■ TASK GOAL ■
Transcribe the records verbatim, images excluded.

■ DATASET CONTENT ■
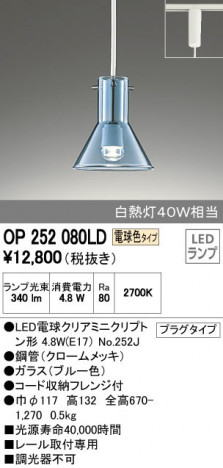 ODELIC �����ǥ�å� �ڥ����ȥ饤�� OP252080LD �ᥤ��̿�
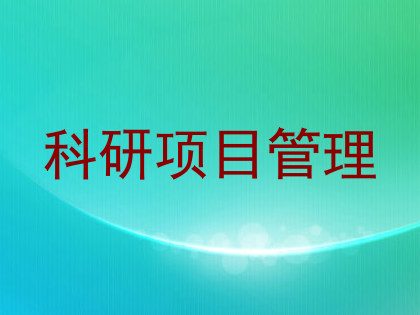 科研项目管理
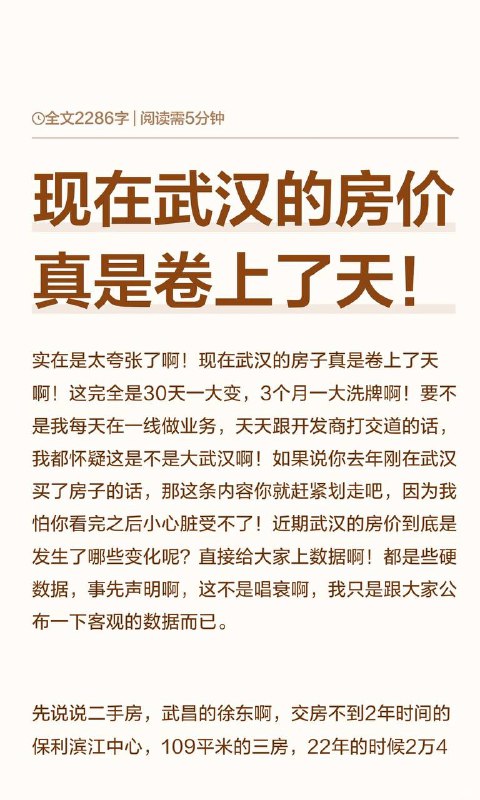 现在武汉的房价‼️真是卷上了天‼️#武汉楼市现在武汉的房价‼️真是卷上了天‼️#武汉楼市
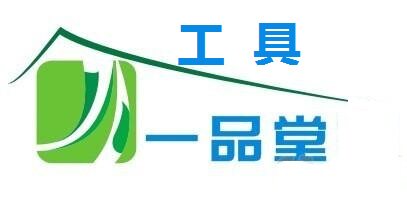 工具一品堂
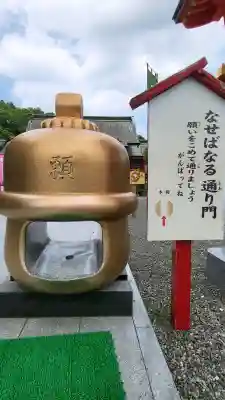 箱崎八幡神社の{uncategorized: "未分類", other: "その他", undefined: "問題あり", building: "その他建物", grave: "お墓", sacred_gate: "鳥居", guardian: "狛犬", statue: "像", buddha: "仏像", history: "歴史", nature: "自然", garden: "庭園", animal: "動物", pagoda: "塔", temizu: "手水舎", mountain_gate: "山門・神門", sanctuary: "本殿・本堂", subordinate: "末社・摂社", art: "芸術", scenery: "景色", jizo: "地蔵", ema: "絵馬", goshuin: "御朱印", omikuji: "おみくじ", items: "授与品その他", amulet: "お守り", goshuincho: "御朱印帳", eats: "食事", festival: "お祭り", votive_dance: "神楽", shichigosan: "七五三参", wedding: "結婚式", experience: "体験その他", initially: "初詣", around: "周辺", anti_infection: "感染症対策"}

■ ANSWER TO THE EXERCISE ■
 ODELIC �����ǥ�å� �ڥ����ȥ饤�� OP252080LD �ᥤ��̿�
 科研项目管理
 现在武汉的房价‼️真是卷上了天‼️#武汉楼市现在武汉的房价‼️真是卷上了天‼️#武汉楼市
 工具一品堂
 箱崎八幡神社の{uncategorized: "未分類", other: "その他", undefined: "問題あり", building: "その他建物", grave: "お墓", sacred_gate: "鳥居", guardian: "狛犬", statue: "像", buddha: "仏像", history: "歴史", nature: "自然", garden: "庭園", animal: "動物", pagoda: "塔", temizu: "手水舎", mountain_gate: "山門・神門", sanctuary: "本殿・本堂", subordinate: "末社・摂社", art: "芸術", scenery: "景色", jizo: "地蔵", ema: "絵馬", goshuin: "御朱印", omikuji: "おみくじ", items: "授与品その他", amulet: "お守り", goshuincho: "御朱印帳", eats: "食事", festival: "お祭り", votive_dance: "神楽", shichigosan: "七五三参", wedding: "結婚式", experience: "体験その他", initially: "初詣", around: "周辺", anti_infection: "感染症対策"}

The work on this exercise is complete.